Implementation guidelines for public mental health services and private hospitals

Standard 4: Diversity responsiveness

Page last updated: October 2010

The MHS delivers services that take into account the cultural and social diversity of its consumers and meets their needs and those of their carers and community throughout all phases of care.

Suggested evidence


The intent of this Standard is to ensure that mental health services (MHS) are culturally responsive and appropriate for the culturally and linguistically diverse population in their defined community.

Cultural competence refers to processes and practices that facilitate inclusiveness and address the inequities in health care for people from CALD backgrounds.

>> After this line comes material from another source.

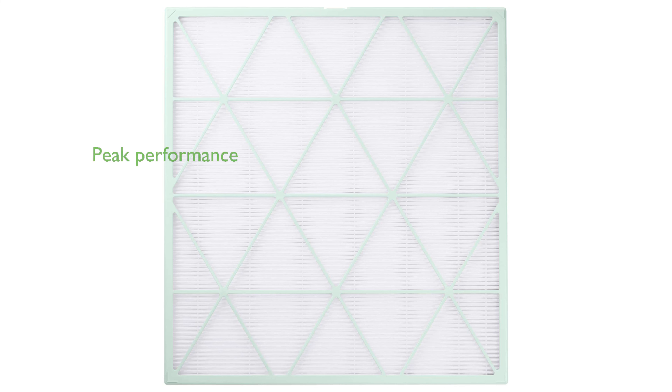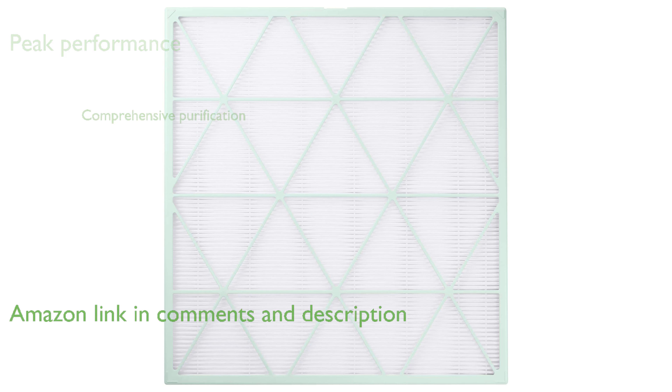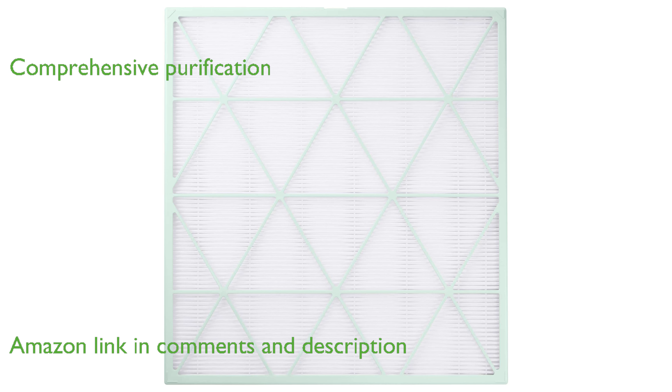The Samsung CFX-H1ther-1-AA air filter pack is designed to keep your air purifier running at peak performance. This pack includes both a HEPA filter and an activated carbon pre-filter, ensuring comprehensive air purification.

Services that recognise and respond to the multiple levels of diversity within their community will develop cultural competence.

Cultural competence involves learning about diversity and its impact on the way services are accessed, delivered, received and promoted. This should be incorporated in all aspects of policy making, administration, practice and service delivery. It should systematically involve CALD consumers, carers, key stakeholders and communities in the planning, delivery and evaluation of services.

Aboriginal and Torres Strait Islander cultural competency refers to the ability to understand and value Aboriginal and Torres Strait Islander people's perspectives and provides the basis on which all Australians can engage positively in a spirit of mutual respect and reconciliation. MHS should recognise the right to self determination and form meaningful partnerships based on cultural respect and culturally responsive and safe practice.

The MHS should be aware of the definition:

Aboriginal health is not just the physical well being of an individual but is the social, emotional and cultural well being of the whole community in which each individual is able to achieve their full potential thereby bringing about the total well being of their community. It is a whole-oflife view and includes the cyclical concept of life-death-life. (National Aboriginal Community Controlled Health Organisation (NACCHO), 1996)
Further information on cultural safety is available in the guidelines for Standard 2 Safety.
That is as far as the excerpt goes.